# What to produce
Only the lines in the entries below from the line with "当時物　ラジコン京商ビートル検索ターボスコーピオン　タミヤワーゲンオフローダー" to the line with "Batman: Die Abenteuer der Familie Wayne", both included, belong in the answer, transcribed exactly and without pictures.

# Records for the exercise
════════

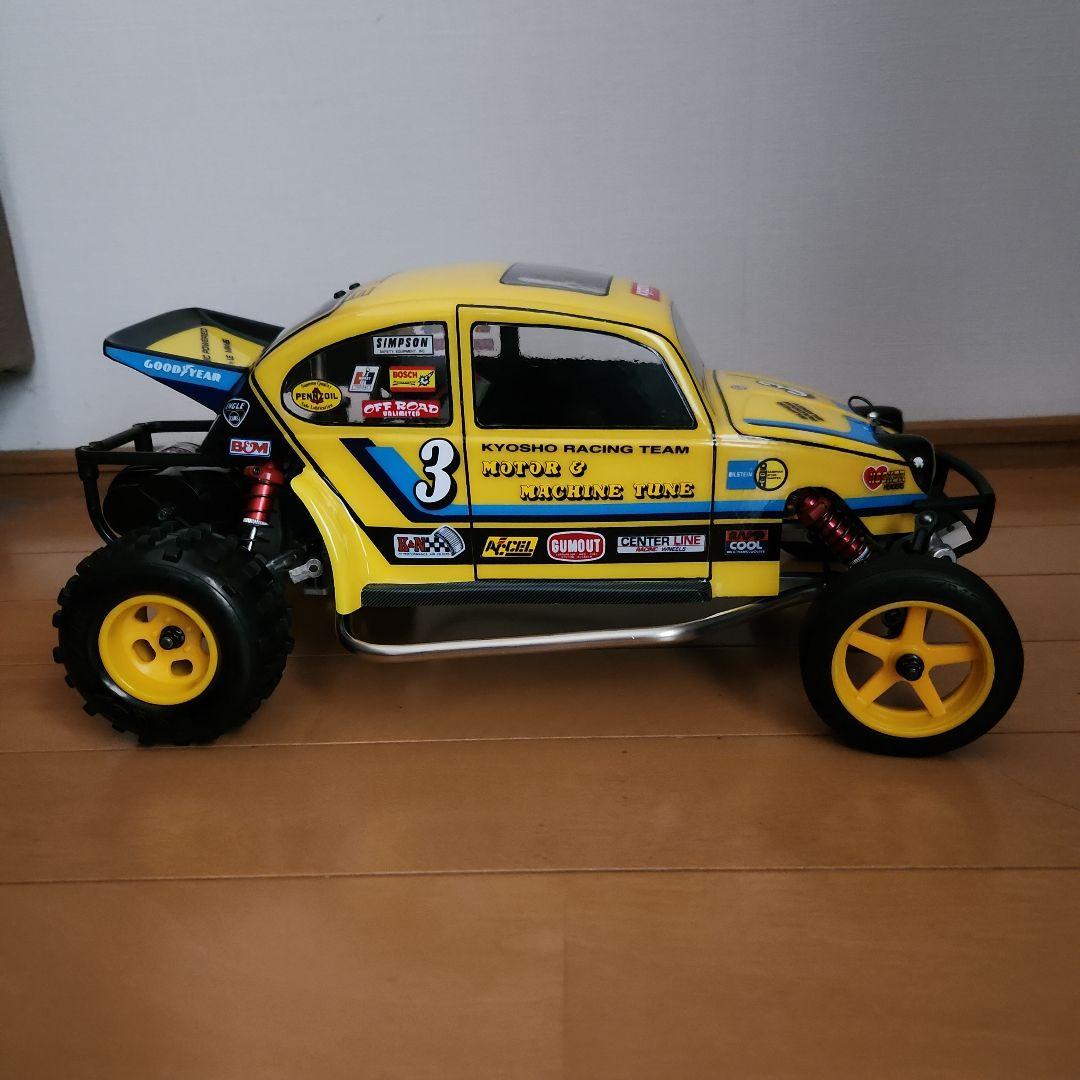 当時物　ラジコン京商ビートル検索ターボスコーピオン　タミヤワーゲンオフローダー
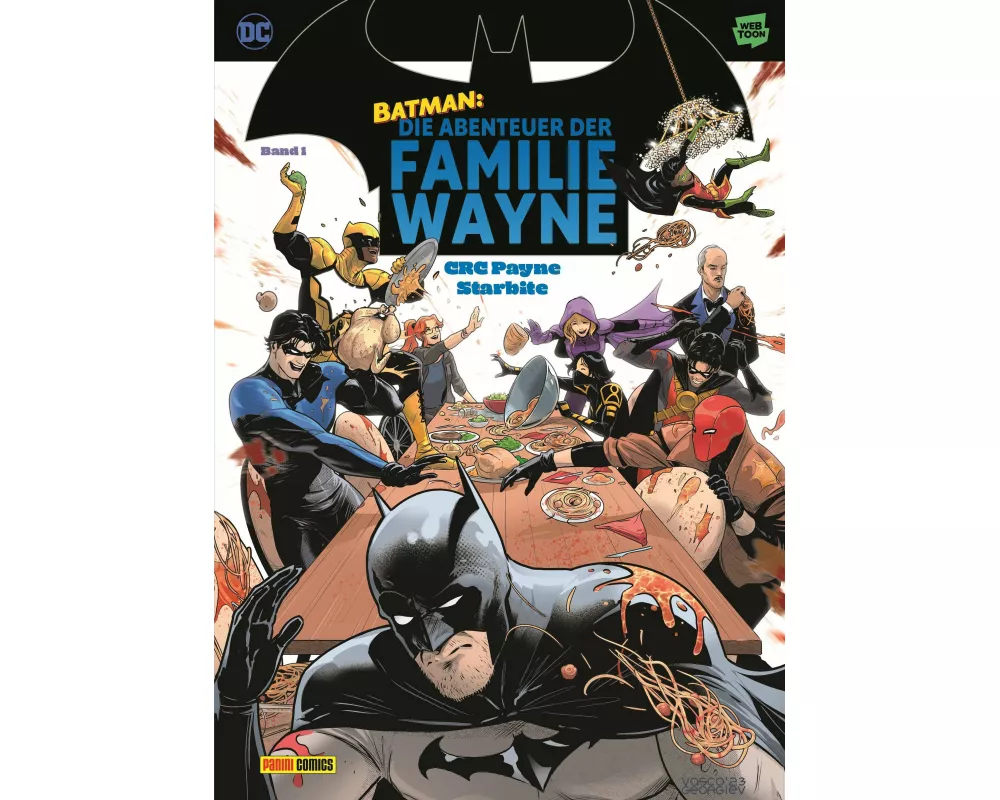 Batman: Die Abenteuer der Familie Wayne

════════

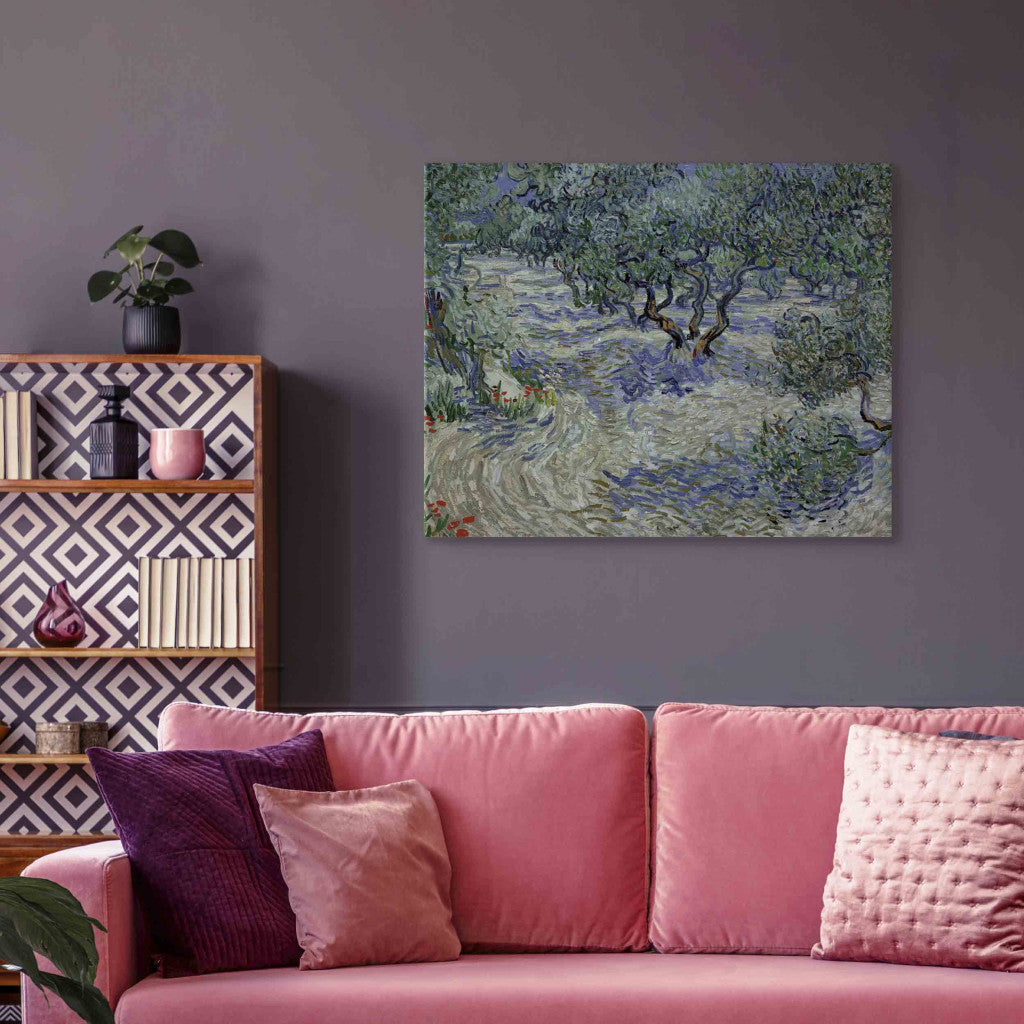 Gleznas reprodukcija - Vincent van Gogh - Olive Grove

════════

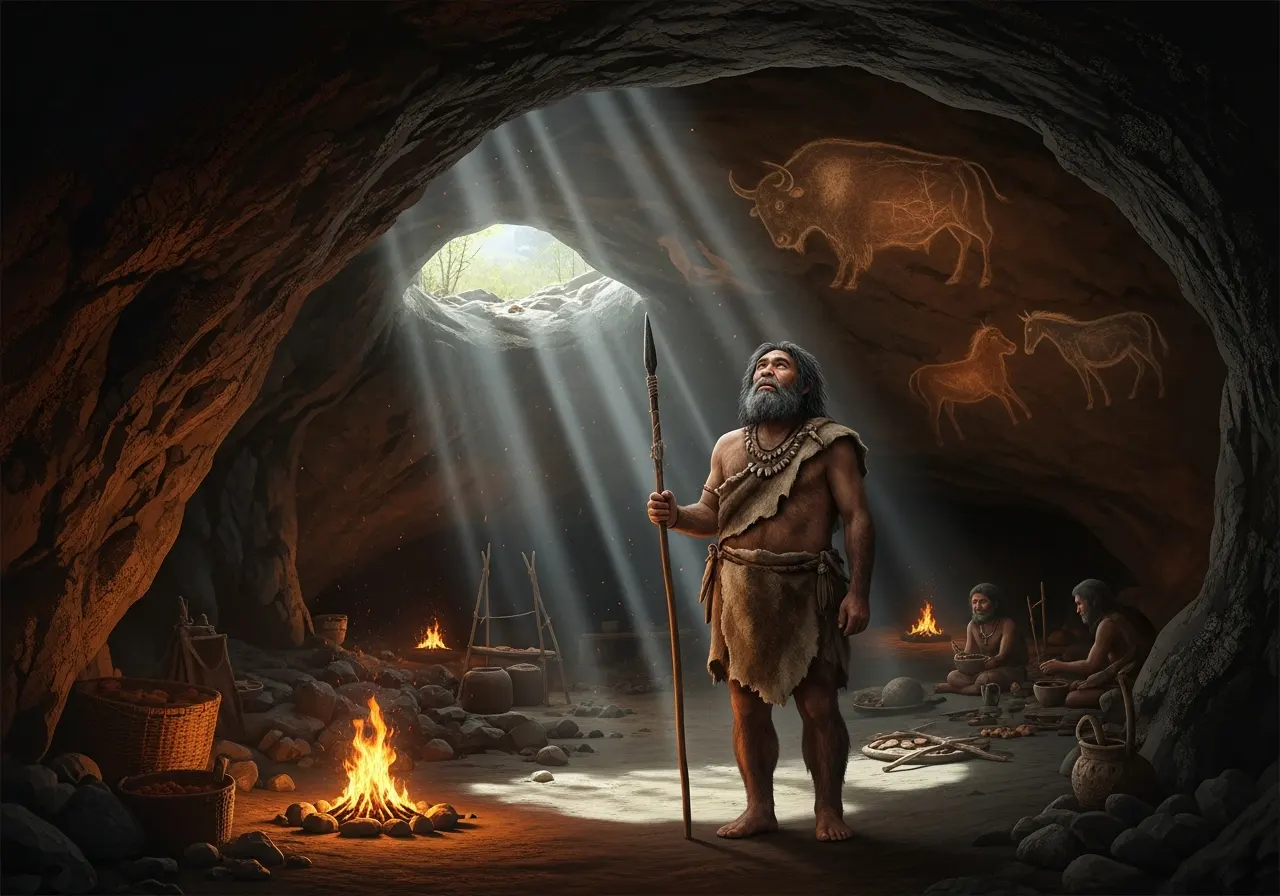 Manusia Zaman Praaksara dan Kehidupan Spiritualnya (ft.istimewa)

════════

# Your response
 当時物　ラジコン京商ビートル検索ターボスコーピオン　タミヤワーゲンオフローダー
 Batman: Die Abenteuer der Familie Wayne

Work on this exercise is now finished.